C’est que le gendarme financier n’a pas la compétence d’infliger des amendes, contrairement aux autorités de surveillance d’autres pays. La FINMA n’a pas le droit de communiquer non plus sur ses procédures, qui restent donc dans l’ombre, à la satisfaction du secteur bancaire. Après la crise de Credit Suisse, l’autorité de surveillance est d’ailleurs sortie de sa réserve habituelle pour demander davantage de compétences. Elle réclame aussi que les top managers des banques puissent être tenu·es pour responsables des risques pris.

Reste que la FINMA a aussi participé au désastre en accordant à Credit Suisse de vastes allègements de fonds propres, dès 2017, qui ont permis de lui donner une fausse image de bonne santé financière. Pour la CEP, cette décision ne se justifie pas. C’est aussi là où se joue le pouvoir des établissements too big to fail. De l’aveu même de la présidente de la commission, des pressions politiques ont certainement joué un rôle.
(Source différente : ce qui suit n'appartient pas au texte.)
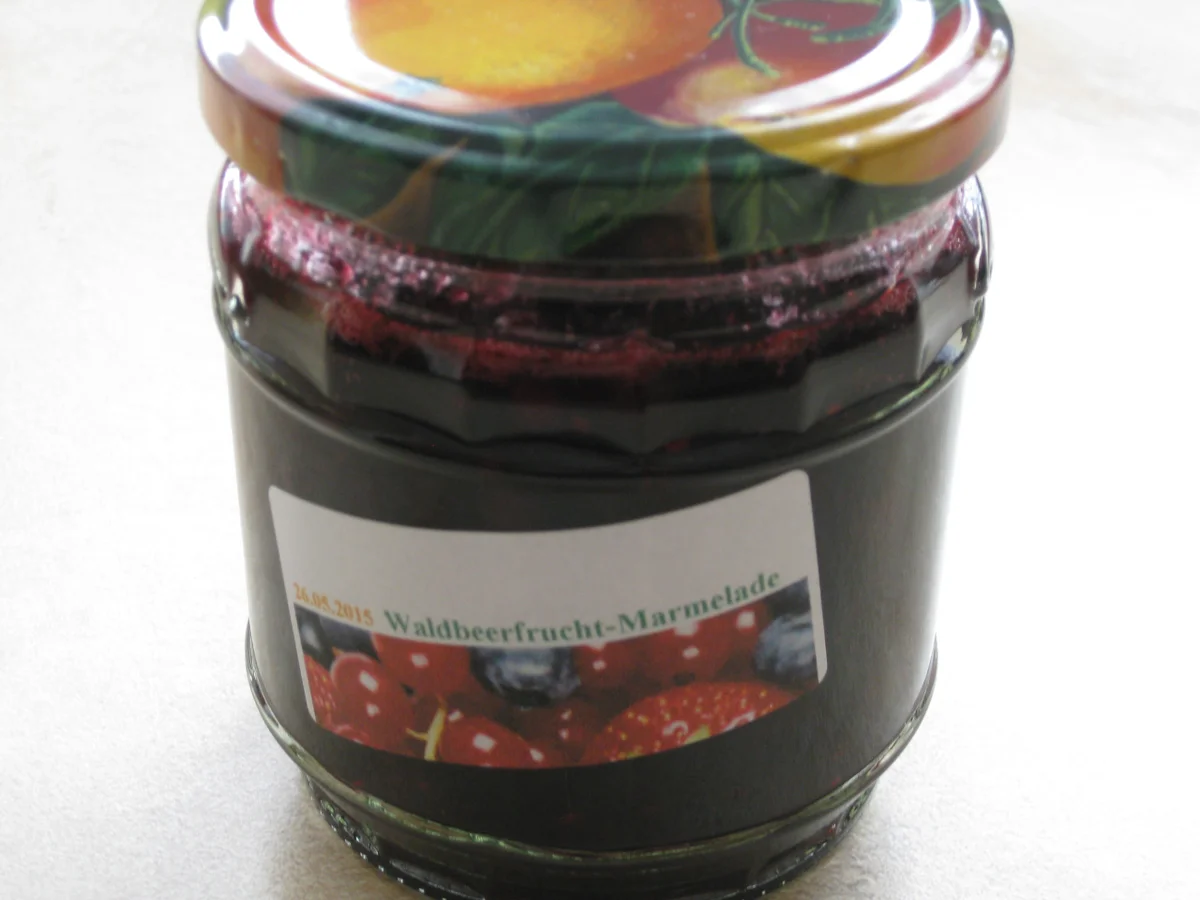 Rezept: Waldbeerfrucht-Marmelade Bild Nr. 26 Waldbeerfrucht-Marmelade - Rezept - Bild Nr. 26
«Face au mastodonte UBS, une prise en main citoyenne et politique de la problématique est essentielle»

La gauche a pour sa part fustigé des «banquiers de la Paradeplaz qui se comportent comme des conseillers fédéraux fantômes», selon les mots du coprésident du groupe socialiste Samuel Bendahan. Difficile de lui donner tort. Au parlement comme au Conseil fédéral, la droite n’a cessé de céder aux pressions de la place financière. Lors du développement de la réglementation too big to fail après la crise de 2008, «le Conseil fédéral et le parlement ont accordé une trop grande importance aux exigences des établissements bancaires d’importance systémiques», indique la CEP.
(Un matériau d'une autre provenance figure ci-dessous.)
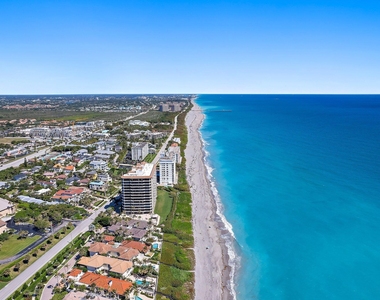 840 Ocean Drive - Photo Thumbnail 43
Les 565 pages du rapport de la commission agiront-elles sur les autorités comme un électrochoc? Rien n’est moins sûr. Malgré ses constats, celle-ci reste conciliante. Il faut dire qu’une majorité de ses membres sont aussi celles et ceux qui ont voté des lois favorables à la place financière. Et dans son bref communiqué en réaction à ses travaux, le Conseil fédéral met surtout en avant l’efficacité de sa décision du rachat de Credit Suisse par UBS qui «a permis de prévenir un crise financière et économique et de rassurer les marchés». Cette légèreté est inquiétante. C’est un monstre qui a jailli de la débâcle de Credit Suisse. UBS est devenue la seule banque d’importance systémique active au niveau international, qui a déjà dû être sauvée par l’Etat en 2008. Si cela devait se reproduire, la Confédération devrait certainement mettre 750 milliards sur la table, une prise de risque vertigineuse qui reposerait sur les épaules des contribuables.

Quant à UBS, elle n’a aucun intérêt à opter pour la prudence. Dans un exposé sur la capacité de résistance du système bancaire suisse en 2018, le vice-président de la Banque nationale suisse, Fritz Zurbrügg, livrait une analyse alarmante. «Le simple fait de supposer qu’une banque soit too big to fail peut devenir une prophétie autoréalisatrice. Car en partant de l’hypothèse qu’elle sera sauvée s’il le faut, la banque concernée sera davantage incitée à prendre des risques disproportionnés et à axer excessivement ses opérations commerciales sur une forte croissance fondée sur l’endettement», écrivait-il.

Face au mastodonte UBS, une prise en main citoyenne et politique de la problématique est essentielle. Les débats parlementaires sur les propositions de la CEP démarreront à la session de printemps. Une extrême vigilance sera nécessaire pour que la place financière n’impose pas, encore une fois, une réglementation complètement lacunaire.